Segundo meu pai, Ryoichi, meu avô veio em um grupo de 4 artesãos oridundos de Arita: ele, o sogro (especialista em torno e queima de forno), o cunhado (escultor e pintor) e o tio de minha avó (pintor). Apesar de ter vindo para trabalhar na parte de marcenaria (com visto de carpinteiro e trazendo ferramentas especializadas), acabou contratado como ceramista pela “Arte Cerâmica LTDA” e atuava também no acabamento e na pintura de porcelana. Esses imigrantes trouxeram consigo a influência da técnica e estética de sua terra natal.
Os objetos produzidos tinham como logomarca um “torii” (portal japonês em vermelho) com as iniciais “ASPIC” ao centro e “Arte Cerâmica LTDA” na parte de baixo. Uma outra tinha ramos de louros e as palavras “Santíssimo Porcelana” e T (em referência ao presidente). Ambas eram feitos em decalque.

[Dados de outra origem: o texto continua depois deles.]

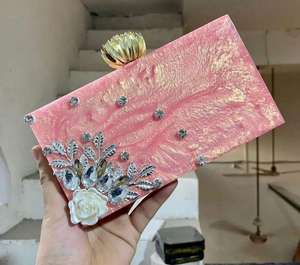 Custom Made Women's Clutches Resin <b>Purses</b> with Elegant Embellishments Fashion <b>Accessory</b> for Stores Resale - Product Image 5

Como os japoneses começaram a utilizar palavra em japonês “聖 山”, pronunciada “Sei-Zan” e traduzida como “Morro do Santíssimo ou Santíssimo”, no início foram assinadas assim e posteriormente foi incluído um carimbo redondo com as palavras “Ind. Brasileira” e “あるてせらみか” (pronúncia em japonês de “arte cerâmica”). “Acho que foi confeccionado pelo meu pai”, conta Ryoichi, que guarda com ele as falas de meu avô e a coleção de itens do conglomerado que conseguiu reunir ao longo dos anos.
A porcelana tem origens na China e supostamente teria chegado ao Japão através dos coreanos. A técnica de produção difere da argila pela alta temperatura da queima, o que produz um resultado mais delicado e resistente. Em Arita existiam depósitos, hoje esgotados, de uma argila ideal para a produção de porcelana da melhor qualidade, o que favoreceu o desenvolvimento nessa área. Esses itens eram escoados pelo porto de Imari, que também acabou sendo usado como referência aos produtos da região.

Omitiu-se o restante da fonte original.